What is not yours is not yours, Helen Oyeyemi · 2016
La première histoire de ce recueil donne le tournis par sa complexité, avec ses arcs narratifs qui se croisent et s'entrecroisent, s'éloignent et s'approchent, ses personnages qui se mêlent et ses descriptions atmosphériques. Chacune des nouvelles invite à être étudiée, explorée, disséquée, tout autant qu'elle invite à être admirée pour la beauté éclatante de sa prose et de son symbolisme. J'avais l'impression de marcher le long d'un couloir baroque et de remarquer des douzaines de portes entrouvertes de part et d'autre. Je ne pouvais pas tourner la tête pour voir ce qui s'étendait au-delà, mais je savais que de nombreuses salles tout aussi somptueuses m'attendaient si je m'écartais un tant soit peu du chemin narratif principal.

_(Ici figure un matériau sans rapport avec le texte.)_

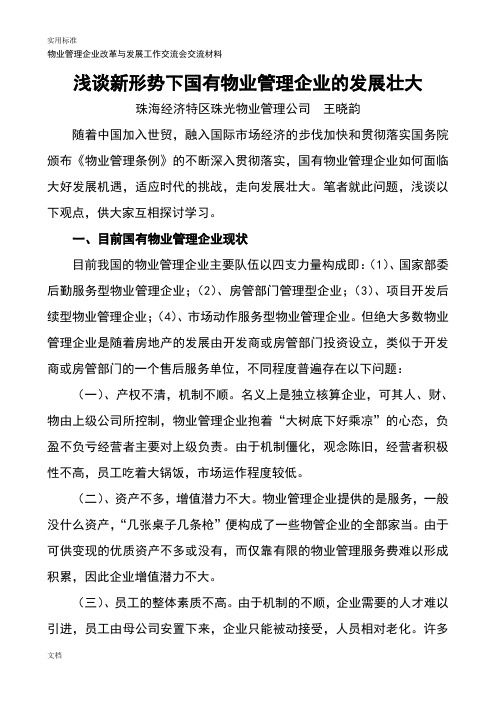 浅谈论新形势下国有物业管理系统企业地发展壮大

L'écriture d'Oyeyemi a cette qualité hypnotique qui faisait que je n'avais pas toujours une conscience claire des choses que je lisais. C'est vraiment difficile à décrire. Je lisais une chose, et sans que je m'en aperçoive, le focus se déplaçait et je me trouvais à lire une chose totalement différente. Je n'ai pas réussi à garder trace de la plupart des avertissements de contenu, par exemple. Je suis désolée de cet avis très brouillon, mais ce recueil est un défi, dans le bon sens du terme.
Rep : personnages principaux queer (bi, lesbiennes, gays), personnages racisés.
CW : maladie en phase terminale. Mentions de suicide et de troubles de l'alimentation.
Adrastée, Mathieu Bablet · 2016
Un roi millénaire, souverain d'Hyperborée, part en quête de réponses dans cette bande-dessinée philosophique et nostalgique de Mathieu Bablet. Des paysages à donner le tournis se déploient sur les pages dans des camaïeux d'une grande subtilité. Les dialogues, réduits au minimum, laissent la pensée vagabonder au fil du périple de ce personnage sans nom, qui croise sur son chemin divinités, esprits et humains qui lui renvoient une image kaléidoscopique de lui-même et des habitants de la terre. Certains passages évoquent Le Roi et l'Oiseau de Paul Grimault et Jacques Prévert, d'autres The Fountain de Darren Aronofsky (et quand j'ai mentionné cela sur Twitter, l'auteur-dessinateur m'a confirmé que c'était une de ses inspirations!).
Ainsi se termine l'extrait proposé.